48      En l’absence, dans le règlement n° 2245/2002, de disposition spécifique concernant les modalités de preuve de l’usage sérieux du signe antérieur, il convient de se référer aux exigences de preuve prévues par la règle 22, paragraphe 3, du règlement (CE) n° 2868/95 de la Commission, du 13 décembre 1995, portant modalités d’application du règlement (CE) n° 40/94 du Conseil sur la marque communautaire (JO L 303, p. 1), selon laquelle la preuve de l’usage doit porter sur le lieu, la durée, l’importance et la nature de l’usage qui a été fait de la marque antérieure et se limite en principe à la production de pièces justificatives, comme des emballages, des étiquettes, des barèmes de prix, des catalogues, des factures, des photographies, des annonces dans les journaux, ainsi qu’aux déclarations écrites visées à l’article 78 paragraphe 1, sous f), du règlement (CE) n° 207/2009 du Conseil, du 26 février 2009, sur la marque communautaire (JO L 78, p. 1) [arrêt du 11 décembre 2014, Nanu-Nana Joachim Hoepp/OHMI – Vincci Hoteles (NAMMU), T‑498/13, EU:T:2014:1065, point 21].

49      Selon une jurisprudence constante, une marque fait l’objet d’un usage sérieux lorsqu’elle est utilisée, conformément à sa fonction essentielle qui est de garantir l’identité d’origine des produits ou des services pour lesquels elle a été enregistrée, aux fins de créer ou de conserver un débouché pour ces produits et services, à l’exclusion d’usages de caractère symbolique ayant pour seul objet le maintien des droits conférés par la marque (voir arrêt NAMMU, point 48 supra, EU:T:2014:1065, point 22 et jurisprudence citée).

50      Pour déterminer si l’usage d’une marque antérieure revêt un caractère sérieux, il convient de procéder à une appréciation globale en tenant compte de tous les facteurs pertinents du cas d’espèce. Cette appréciation implique une certaine interdépendance des facteurs pris en compte. Ainsi, un faible volume de produits commercialisés sous ladite marque peut être compensé par une forte intensité ou une grande constance dans le temps de l’usage de cette marque et inversement (voir arrêt NAMMU, point 48 supra, EU:T:2014:1065, point 23 et jurisprudence citée).

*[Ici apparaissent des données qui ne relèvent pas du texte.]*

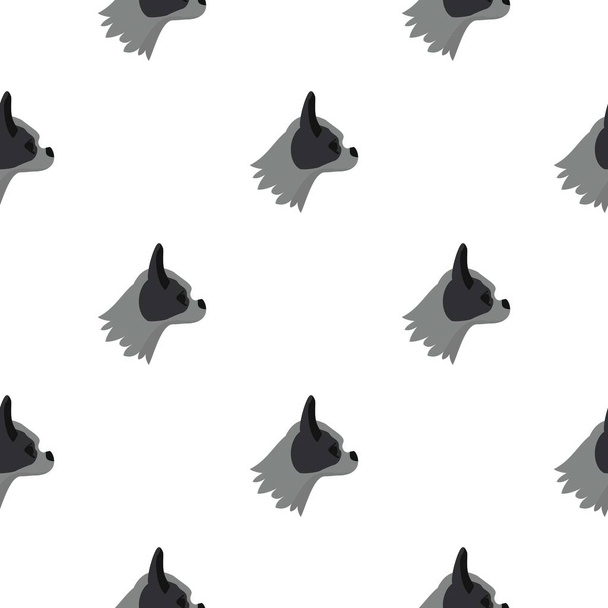 Pug dog pattern seamless - Vector, imagen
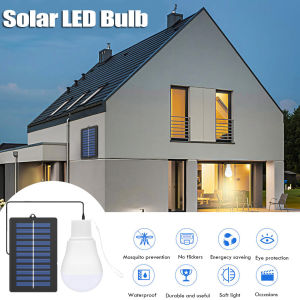 Portable Solar Powered Energy Lamp Light LED Bulb for Outdoors Camping Light Indoor Lamp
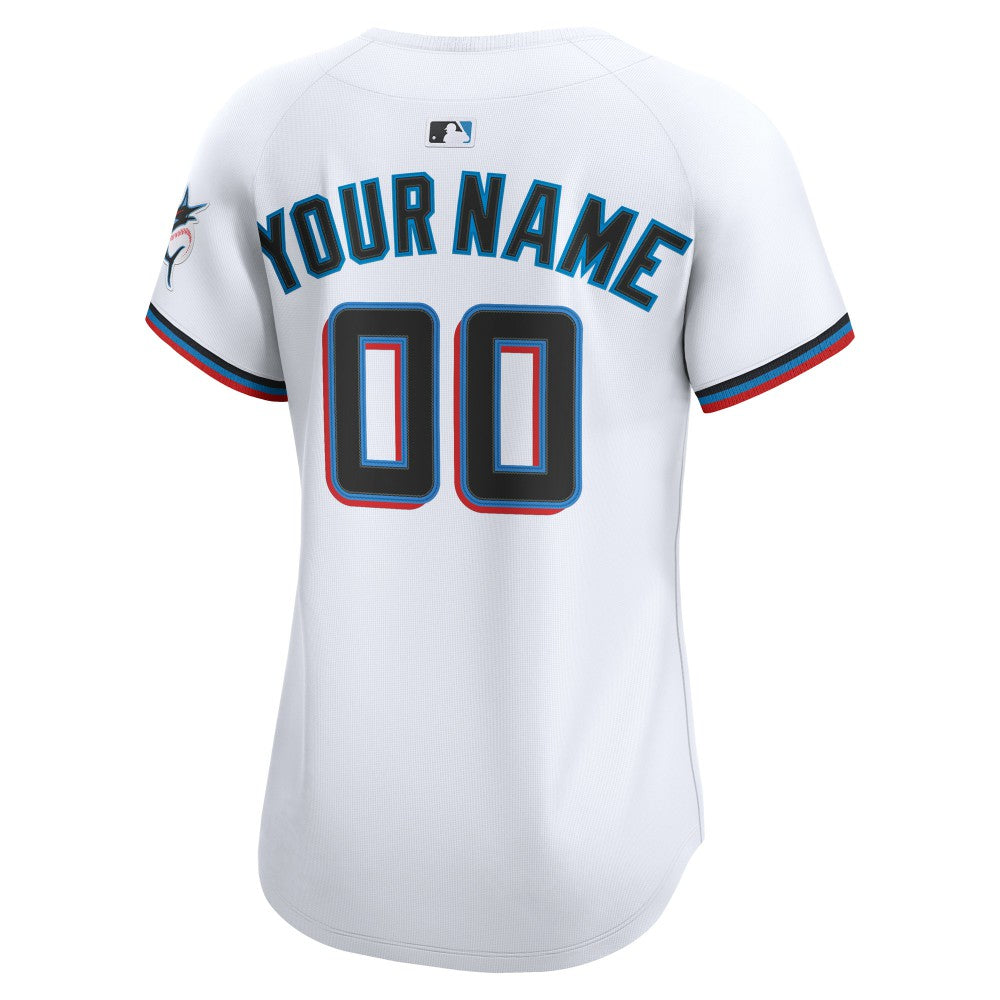 Miami Marlins Nike Women's Home Limited Custom Jersey - MLB Jerseys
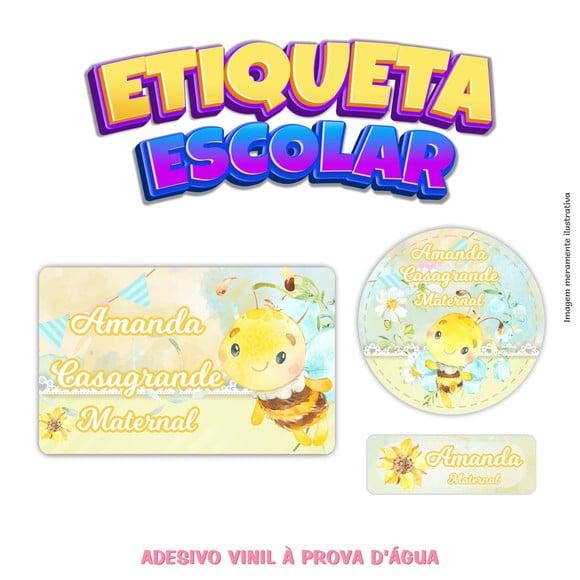 Kit Etiqueta Escolar em Vinil - Abelhinha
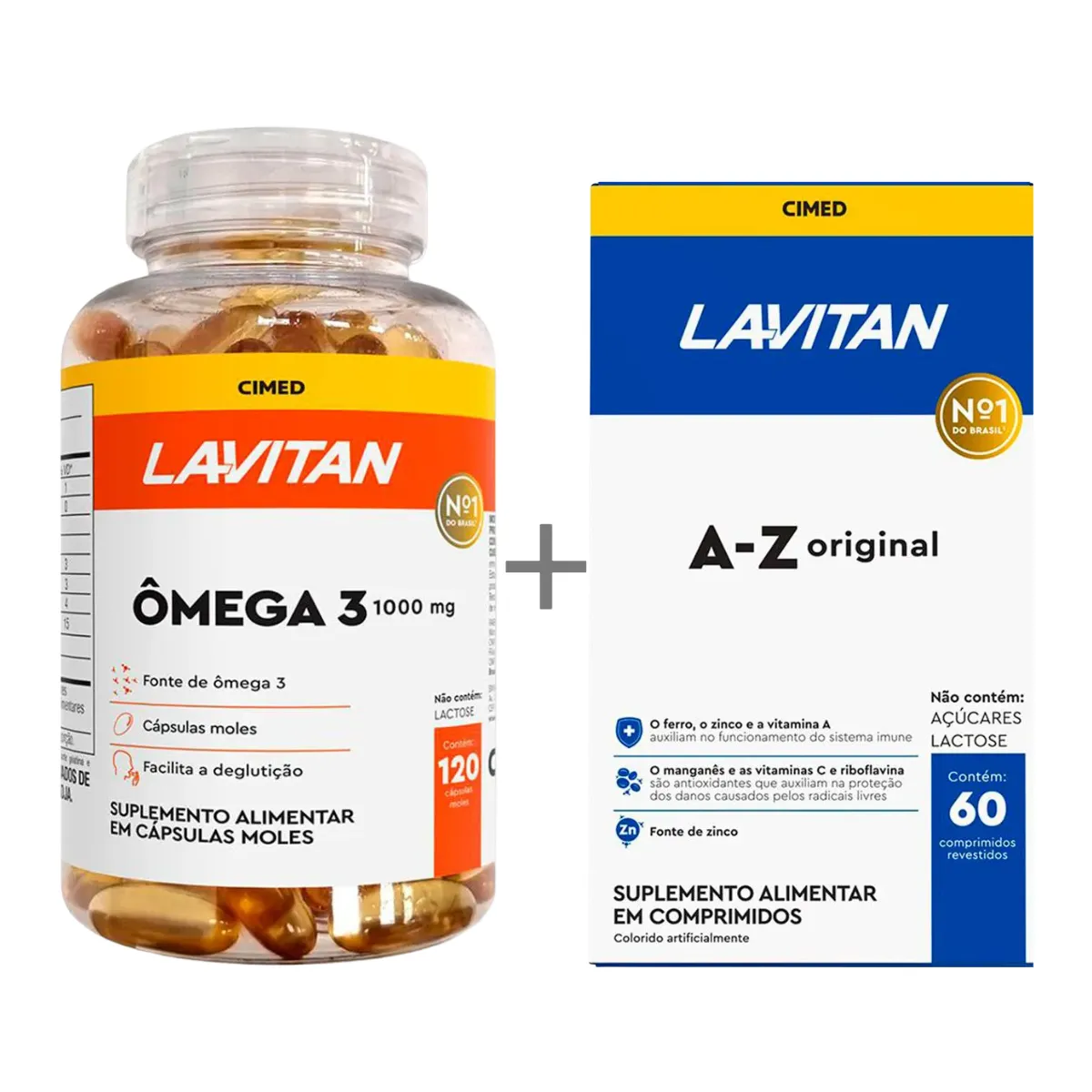 Kit Lavitan Polivitamínico A-Z Original 60 comprimidos + Ômega 3 120 cápsulas — Lavitan | Farmácia Resyla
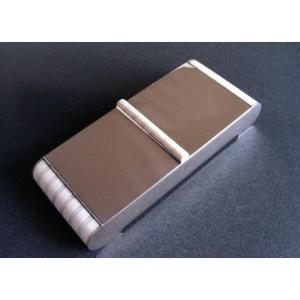 Evald Nielsen Art Deco Double Box In 830 Silver, Copenhagen Circa 1930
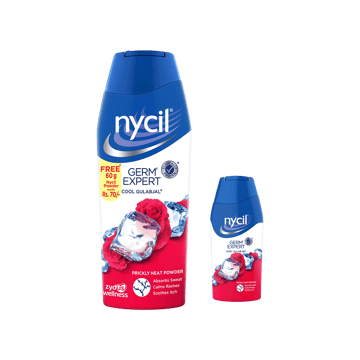 Nycil Germ Expert Cool Gulabjal Talcum Powder with Free 60g Pack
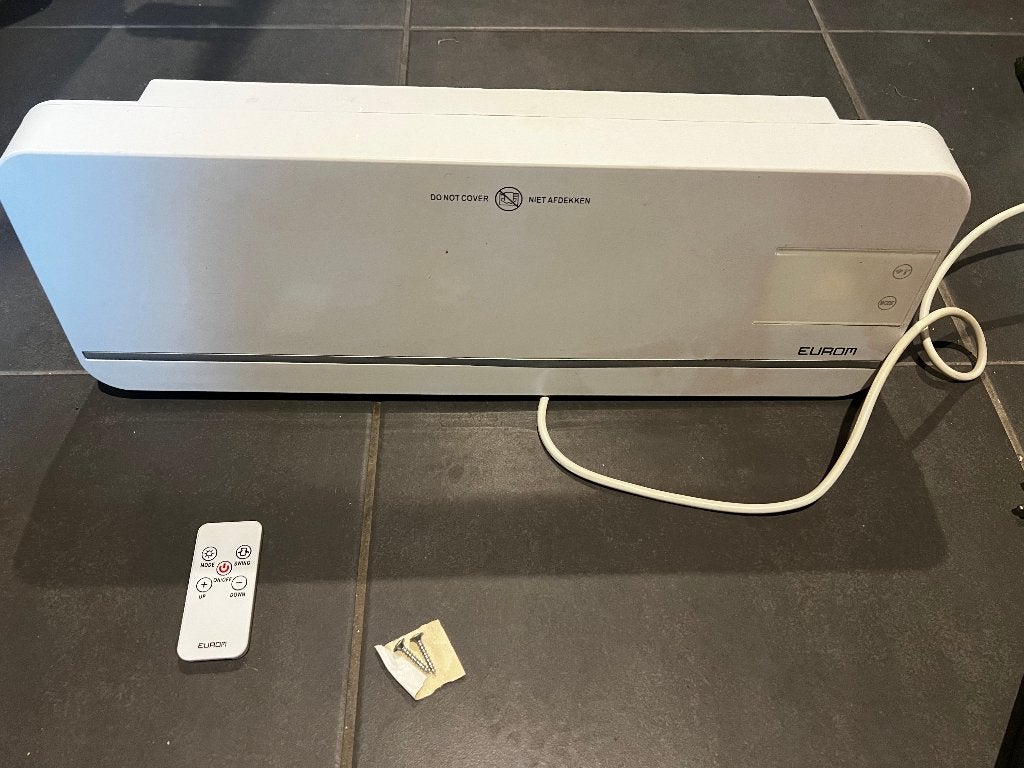 Eurom Sani-Wall-Heat 2000 Wifi verwarming kachel ventilator, Ophalen, Gebruikt, Kachel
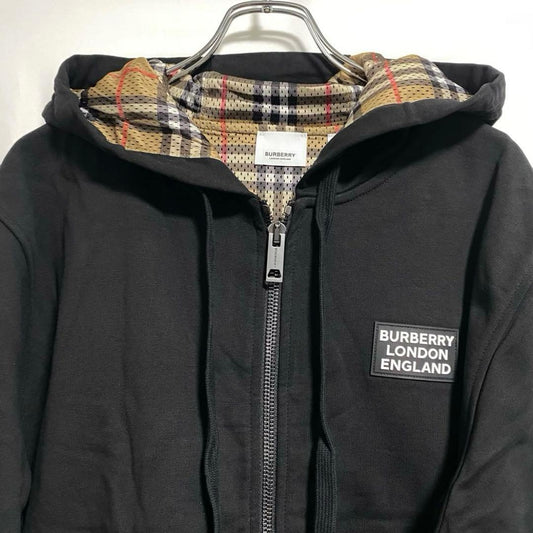 BURBERRY Vintage Check Zip-Up Hoodie, Size M #QYDIJ8
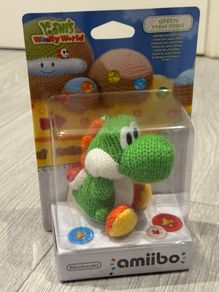 Green Yarn Yoshi Amiibo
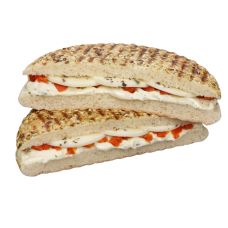 Sandwich with Mozzarella, tomato and basil sauce, italian, RTE, frozen, IWP, 14*200g, Mantinga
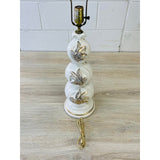 Vintage 1960s Cream & Gold Table Lamp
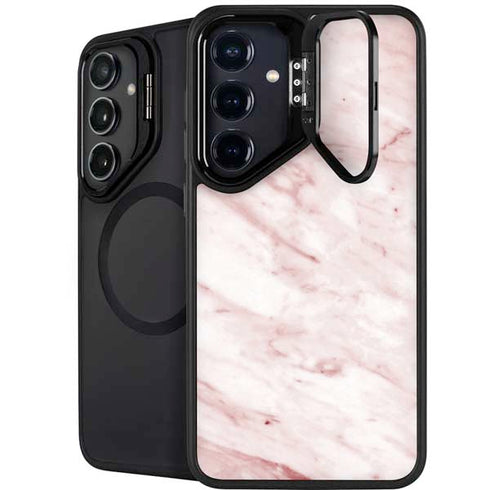 Pink Marble Galaxy S25 Kickstand Case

51      C’est à la lumière de ces considérations qu’il convient d’examiner si c’est à juste titre que la chambre de recours a considéré que l’intervenante avait rapporté la preuve de l’usage sérieux de la marque antérieure.

52      Ainsi qu’il a été rappelé au point 45 ci-dessus, les preuves produites par l’intervenante afin de démontrer l’usage sérieux de la marque antérieure et examinées par la chambre de recours étaient des articles de presse publiés dans des revues et des journaux espagnols spécialisés concernant des vêtements, des accessoires et des lunettes de soleil, publiés entre 2005 et 2010, des certificats des chambres de commerce de Madrid et de Barcelone de 2007, établissant le degré de connaissance de la marque antérieure et une liste de distributeurs et de magasins DIESEL dans plusieurs pays européens, dont l’Espagne.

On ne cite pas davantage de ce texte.